ジャズ・トランペッターとして活躍した、それまでのキャリアから大きく方向転換した記念碑的作品。ストリートに目を向け、渋いダミ声で愛や連帯を叫んでいる。バックにはジョー・サンプルなど、70年代を代表するスタジオ・ミュージシャンが集結。

1. Flight Time
2. Black Byrd
3. Love's So Far Away
4. Mr. Thomas
5. Sky High
6. Slop Jar Blues
7. Where Are We Going?

Fonce Mizell (tp, vo)
Donald Byrd (flh, tp, vo)
Roger Glenn (fl, afl, sax)
Joe Sample (p, el-p)
Fred Perren (el-p, syn, vo)
Dean Parks (g)
Wilton Felder (el-b)
Harvey Mason (d)
Bobbye Porter Hall (per)
Larry Mizell (vo, arr)

 

The Sound Factory,
Los Angeles, CA, April 3, 1972

ドナルド・バードは典型的なハード・バップ・トランペッターとしてデビューし、クリフォード・ブラウン亡き後のトップバッターという存在として50年代後半から60年代を牽引して来た。そのつややかで歯切れのいいトーンとフレーズは捨てがたい味を醸していた。しかしハード・バップが翳りを見せ始めた60年代から70年代は新たな展開に迫られ、フリー・ジャズ、モード・ジャズなどが次第に台頭するようになる。

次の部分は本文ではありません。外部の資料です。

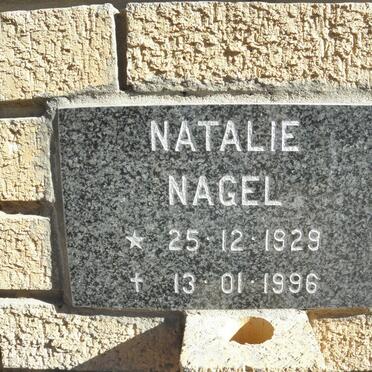 NAGEL Natalie 1929-1996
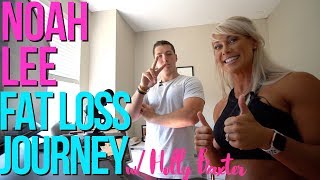 Noah Lee Fat Loss Journey w/ Holly Baxter - Week 2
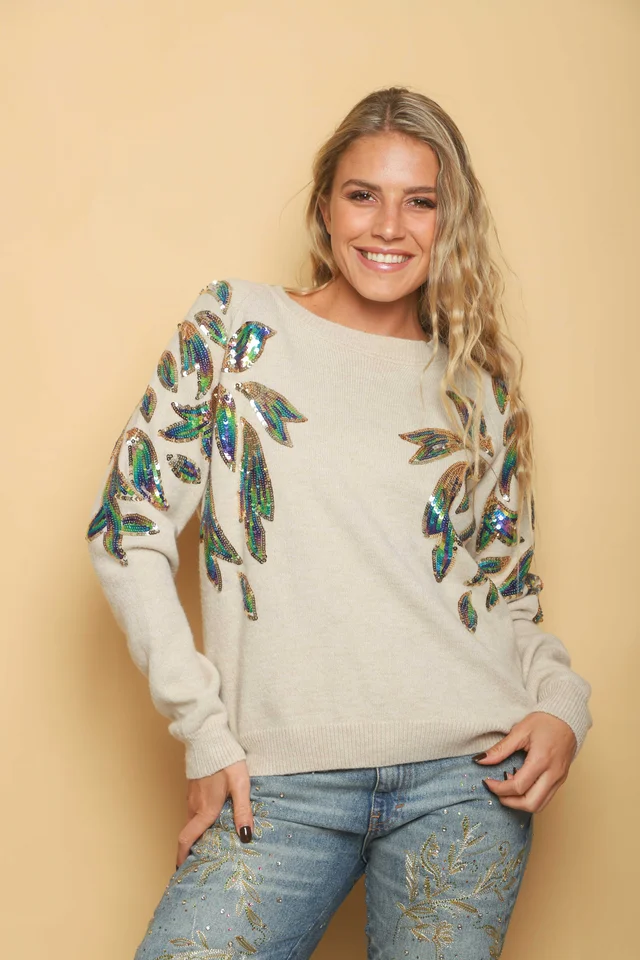 Sweater MAGUI Bordado  GUL829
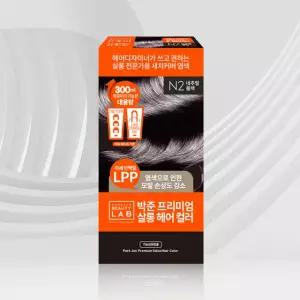 박준뷰티랩 헤어 살롱 대용량 새치커버 컬러 셀프 염색약 패키지 300ml 1개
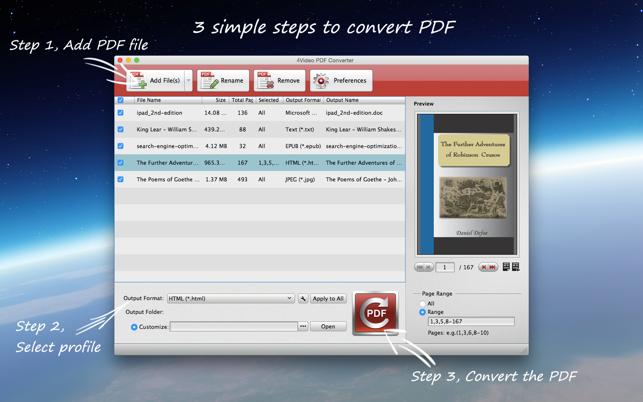 PDF File Converter - To Word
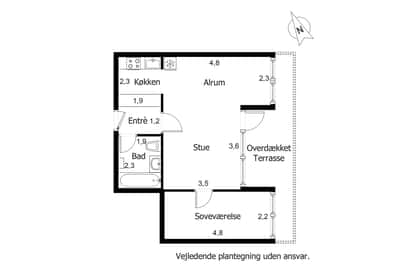 Visual presentation of the listing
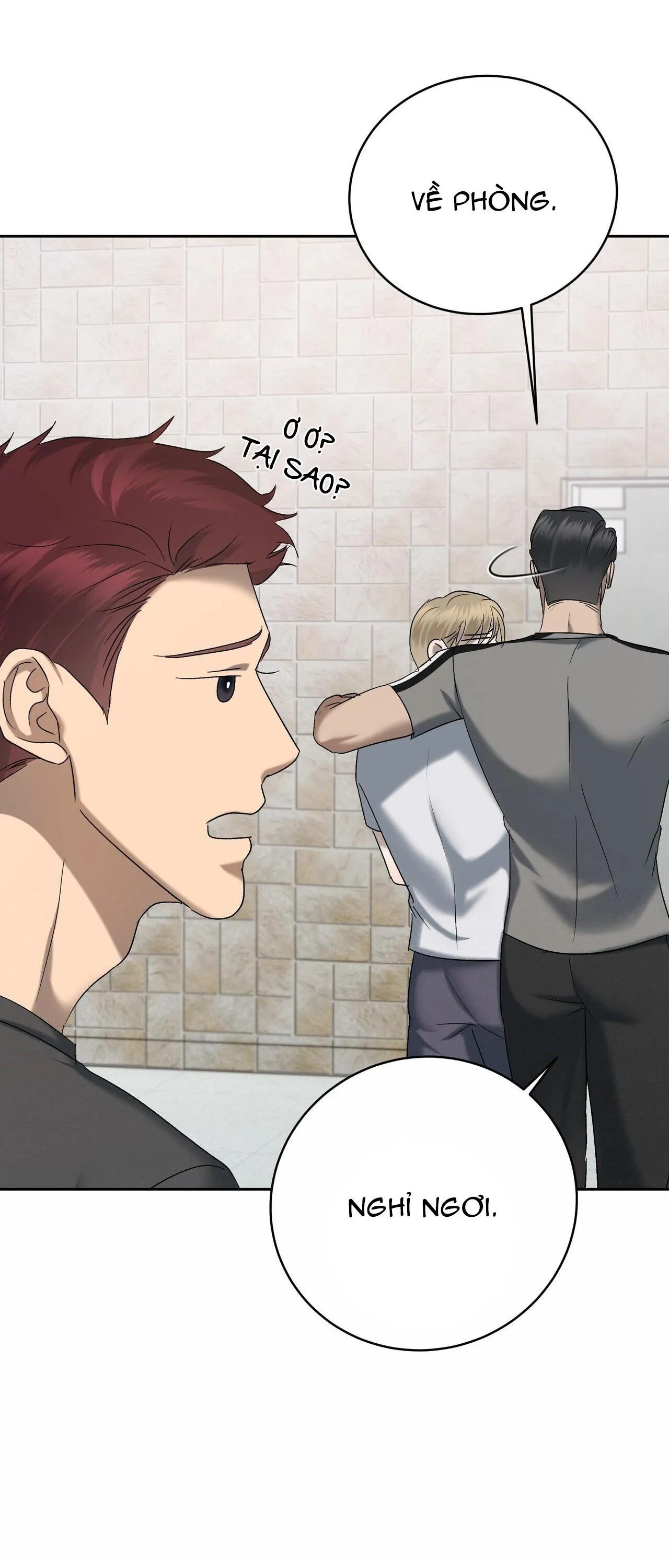 CẦU THỦ BÓNG NƯỚC Chapter 30 Trang 11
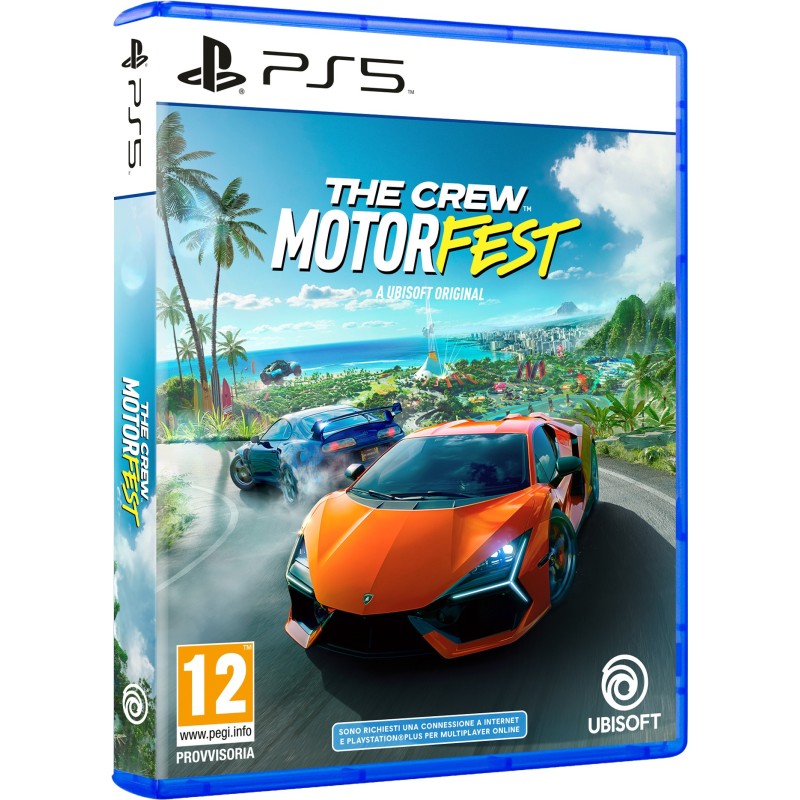 Ubisoft The Crew Motorfest PS5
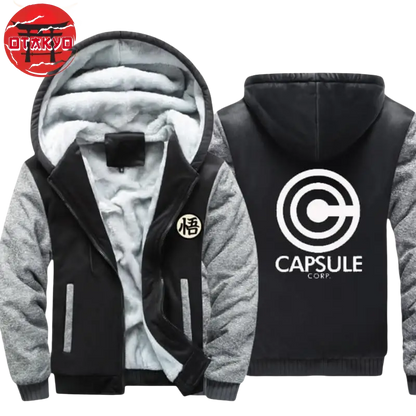 Fleece Jacket Capsule Corp - Dragon Ball Z™
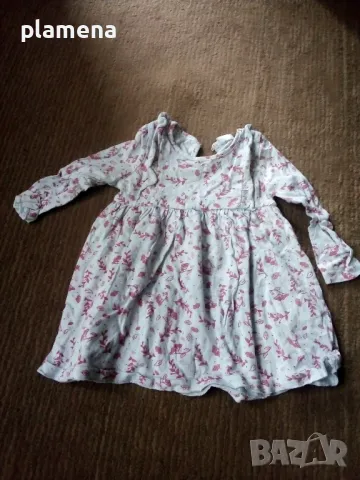 туника/рокличка 80 см 9/12 месеца 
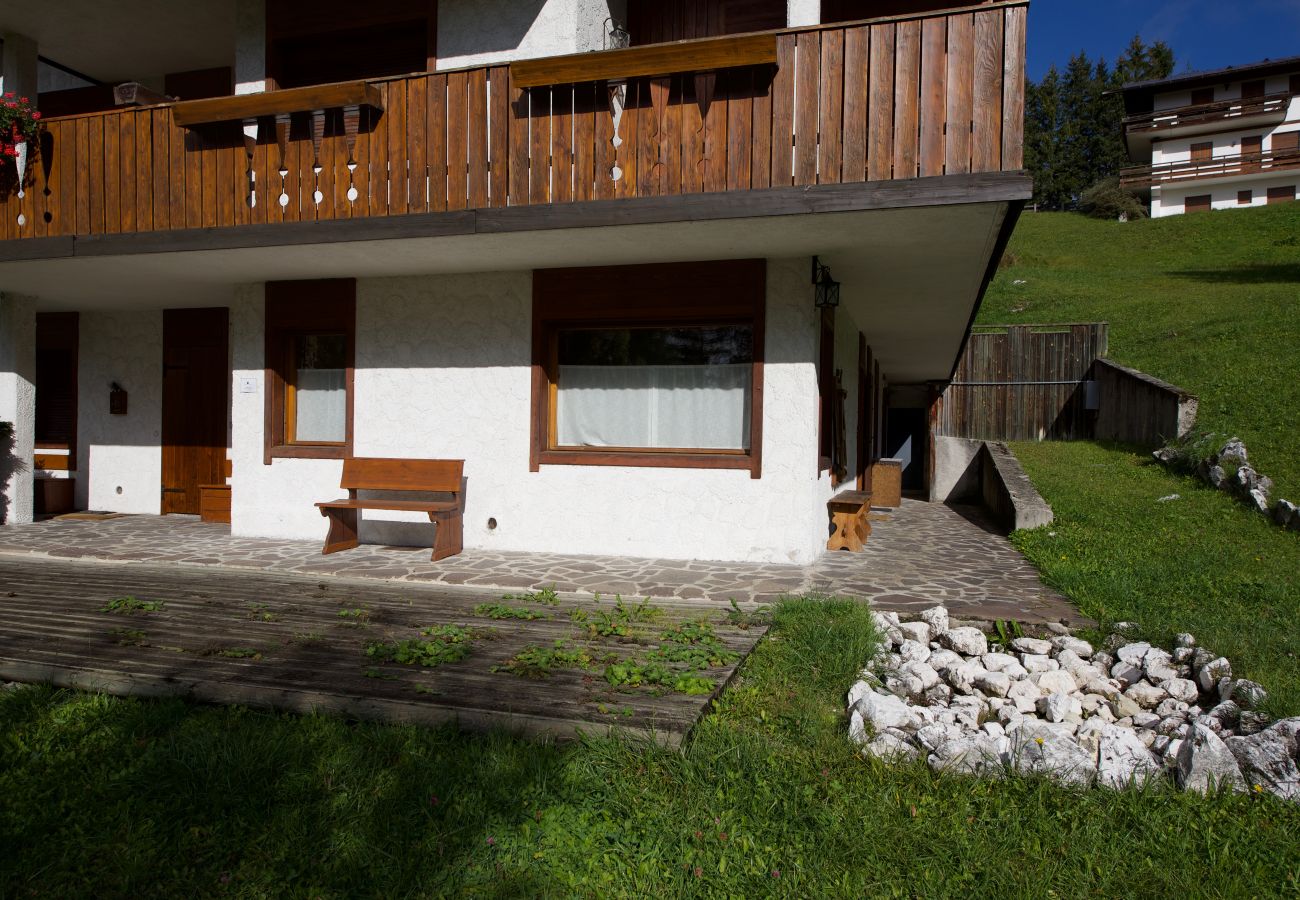 Ferienwohnung in Cortina d´Ampezzo - Casa Milijera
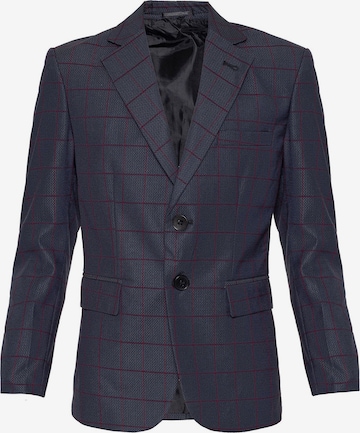 mėlyna Daniel Hills Priglundantis modelis Sakko tipo švarkai: priekis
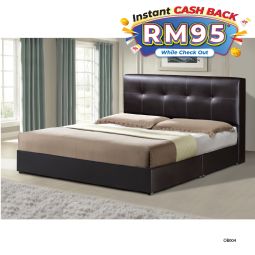Queen Size Bed with Mattress (OB004)
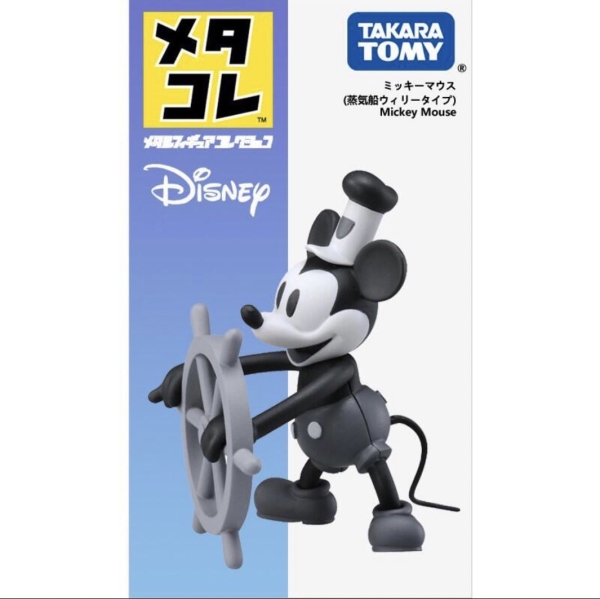 【震撼精品百貨】Micky Mouse 米奇/米妮 ~Tomica 迪士尼 Disney 合金人偶 米奇 蒸汽船*88547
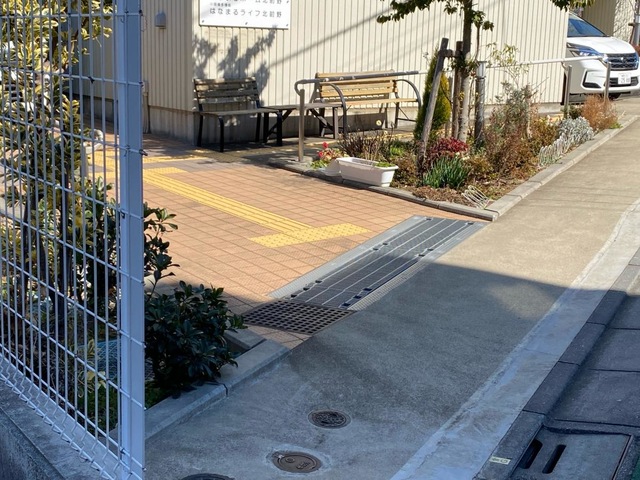 はなまるホーム北前野 建物全景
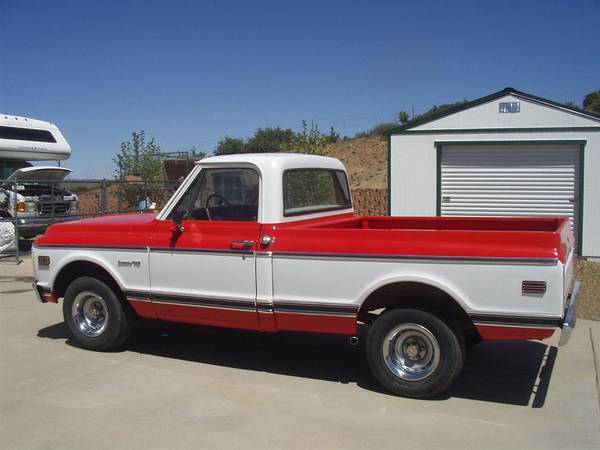 1972 CHEVY C10 ARIZONA TRUCK WITH 68,800 MILES - cars & trucks - by... for sale in Overgaard, AZ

同時にCTIなどに代表されるイージー・リスニングやクロス・オーバー、フュージョンといったよりポピュラーな路線も準備され多くのミュージシャンは自らの音楽的立場と生業の狭間で苦しい選択を迫られることになった。マイルス・デイビスのような数少ない天才は常に時代を自らの力で切り開き、実験が主流へと導かれ、同時に商業的な成功も後からついてくるという離れ業を演じた。しかし少数の例外を除いて、70年代に入ってからの多くの才能あるミュージシャンは、その才能ゆえ、多かれ少なかれコマーシャリズムと手を結ぶことになった。それは決して全面的に批判されるべきものではないのだが、自らが後に音楽的方向性を見失うという悲劇に見舞われた事象も多々あったことは事実であろう。そうした中、ドナルド・バードも本アルバム「ブラック・バード」でエレクトリックサウンドを導入し、成功を収め一躍ヒットチャート上位に躍り出たのであった。僕はマイルスや器用なフレディー・ハバードの変節を見てきたが、ドナルド・バードのときは「ブルータスお前もか?」という心境であった。ただし、このアルバムはそうはいっても大変いい出来で、そこいらのフージョンなど足元にも及ばない内容である。また、この頃から大学教授としてステイタスを獲得したバードはまさに成功者なのだろう。これは致し方ないにせよ、ハード・バップのバードへの愛着を断ち切れないのは僕だけではあるまい。
フュージョンの先駆けと言われているこのアルバムですが、いわゆる“フュージョン”ではないです(つまらない類)。全体的に軽い感じの曲構成になっていますが、バードをはじめとした豪華なメンバー(ウィルントン・フェルダー、チャック・レイニー、ハービー・メイソン、コーネル・デュプリー、ジョー・サンプル等など)だけあって聴き応えのあるビートになってます。強力なリズム隊にからむフルートやキーボードも素晴らしいですが、全体をしめるようなバードのトランペットは秀逸です。ジャズを聞いてみたいけどとっつきにくいという方にぜひお勧めしたいです。ジャンルとしてでなく音楽の一つの形としてのジャズを楽しめると思います。